Pacific Free-Trade Group Looks to Add U.K.
The 11-nation free-trade group known as the Trans-Pacific Partnership said Wednesday it would open talks about admitting the U.K. as a new member, potentially adding another U.S. ally while Washington itself stays away.
The group said after an online meeting that adding the U.K.—the first potential member outside the Pacific region—would “send a strong signal to our trading partners around the world” and “help to counter protectionism and the use of unjustified trade restrictive measures.”
The TPP, which includes U.S. allies such as Japan, Canada and Australia, was originally envisioned during the Obama administration as a U.S.-led bulwark against China. One of then-President Donald Trump’s first acts in office was to withdraw from the group and its proposed free-trade deal, which Mr. Trump said would be bad for American workers.
Under Japan’s leadership, the group completed a trade deal without the U.S., which went into effect at the end of 2018. The deal eliminated most tariffs on trade between members, allowing agricultural powerhouses such as Australia to export more to Japan, while helping Japanese exports of industrial goods such as auto parts and protecting intellectual-property rights.

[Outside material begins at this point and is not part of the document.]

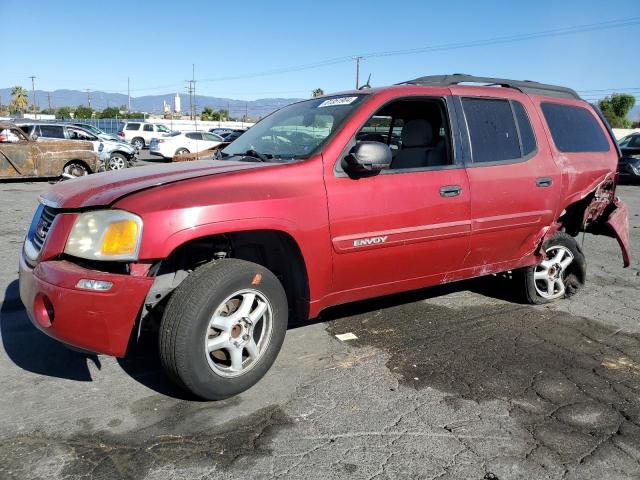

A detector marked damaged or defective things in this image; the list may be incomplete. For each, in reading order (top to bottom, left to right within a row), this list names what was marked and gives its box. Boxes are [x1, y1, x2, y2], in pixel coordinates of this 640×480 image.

rusty car [0, 122, 100, 180]
cracked asphalt [0, 178, 636, 478]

President Biden has shown little interest in revisiting the TPP issue, in part because free-trade deals remain unpopular among many of the swing voters whom Mr. Biden hopes to pull to his side. Secretary of State Antony Blinken said in March that people such as himself who had advocated trade deals “didn’t do enough to understand who would be negatively affected.”
Japanese officials have expressed hope that the U.S. would eventually rejoin the TPP or at least find some way to link up with the group.
The U.K. could serve as a bridge. Having left the European Union, the country is looking to do a trade deal with the U.S. in addition to pursuing TPP membership.
It applied to join the TPP on Feb. 1. The U.K.’s secretary of state for international trade, Elizabeth Truss, said membership was a “key part of our trade negotiations program as a newly independent trading nation.”
The 11 members of the TPP group, formally known as the Comprehensive and Progressive Agreement for Trans-Pacific Partnership or CPTPP, are Australia, Brunei, Canada, Chile, Japan, Malaysia, Mexico, New Zealand, Peru, Singapore and Vietnam.